Indeed. http://tinyurl.com/yzvl85o
Chris Nahr // Nov 21, 2009 at 4:32 pm
Possibly there was never an audience for grognard RTS games but I can say that a combination of weird setting, baroque UI, and pedestrian visuals killed the game for me. Kohan 2 shared the same setting but looked much nicer and had more conventional controls, and I loved that game. Yet even Kohan 2 didn’t sell well… so I guess that answers the question. :(
JonathanStrange // Nov 21, 2009 at 5:22 pm
Kohan 2 was/is a personal favorite of mine though I didn’t care much for the original.
And I liked that original weird fantasy setting; even played the campaign to the bittersweet end.
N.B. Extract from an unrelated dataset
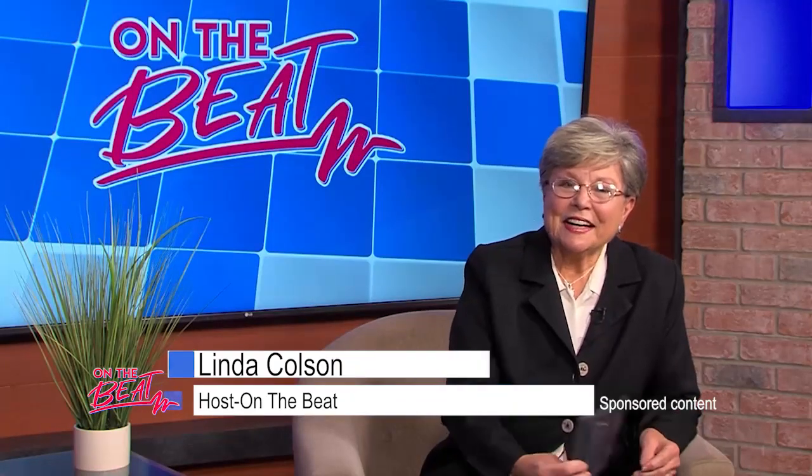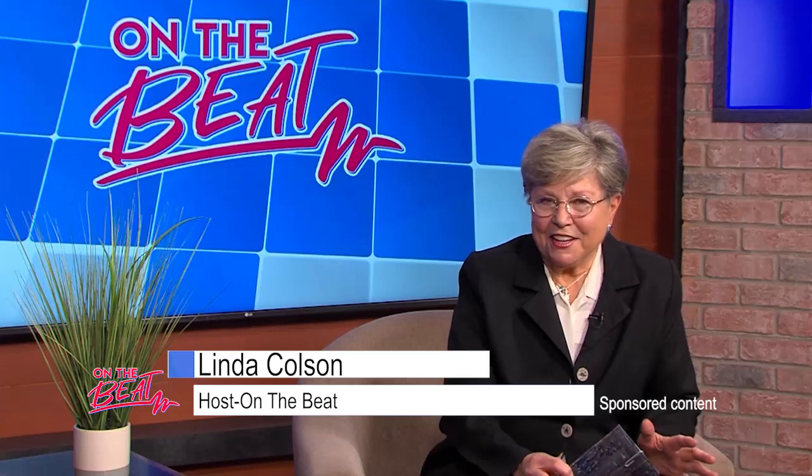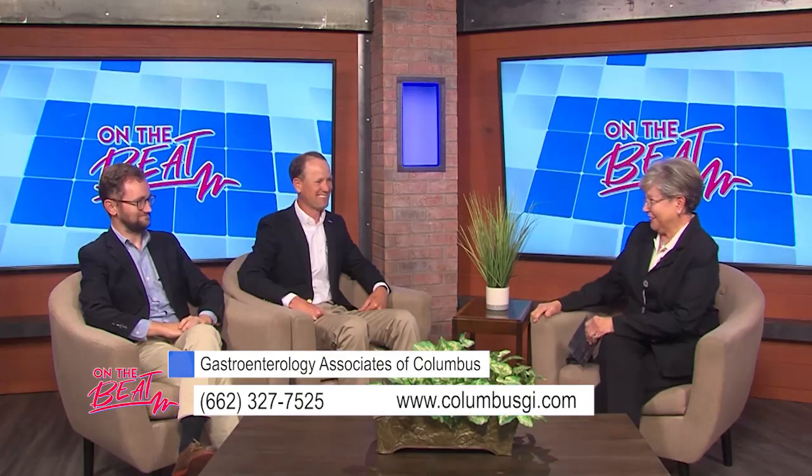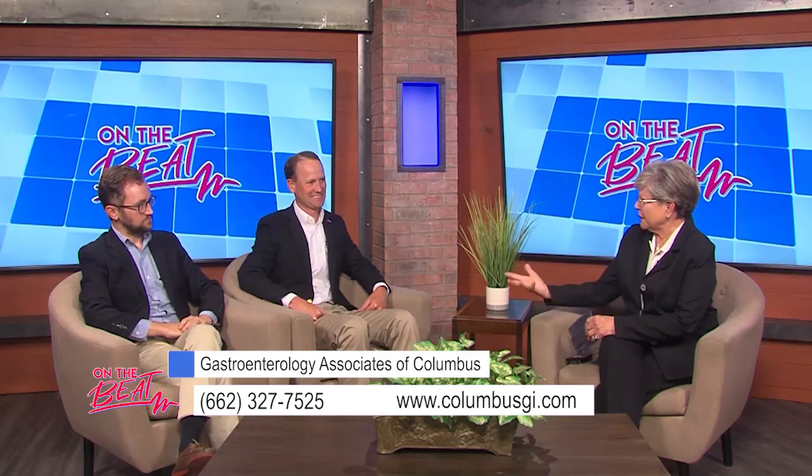Welcome to On The Beat. I'm Linda Colson, your host for today. I'm so excited that we are going to be having Dr. Richard Hurd and Dr. William Gillespie from Gastroenterology of Columbus and Starkville. They're here today to talk about fatty liver — the dreaded fatty liver. Dr. Gillespie, tell us a little bit: what is fatty liver and who might possibly be in danger of coming under that issue?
RandomRTSer // Nov 23, 2009 at 1:32 am
Enjoyed Kohan: IS and its focus on strategy rather than micro and APM.
Sadly never had time to get into Kohan 2 (time to dig up the old disc and reinstall methinks…) but the cartoony Warcraft 3 style it adopted seemed a step in the right direction to try to make it more marketable.
Kind of strange how they abandoned the RTS genre and jumped into making FPS’s…as long as it pays their bills, I guess.
Naum // Jan 11, 2010 at 11:42 pm
Kohan:IS/Kohan:AG is my favorite all-time RTS…
…I think what handicapped them was release of AG soon after initial Kohan…
…and Kohan 2 got lost (I admit I never even played, by that time, I had dumped my PCs for Mac platform) in all the WC3 hype. And TimeGate at the time, seemed to pouring all the energy into Axis & Allies (another flop)…
…reading this makes me want to go home and load it up… …wonder if it will run in a VM…
mg // Feb 11, 2010 at 3:40 pm
KAG was and still is awesome but KOW was an epic failure imo. i had hoped to see a K3 but after so long that seems very unlikely at best.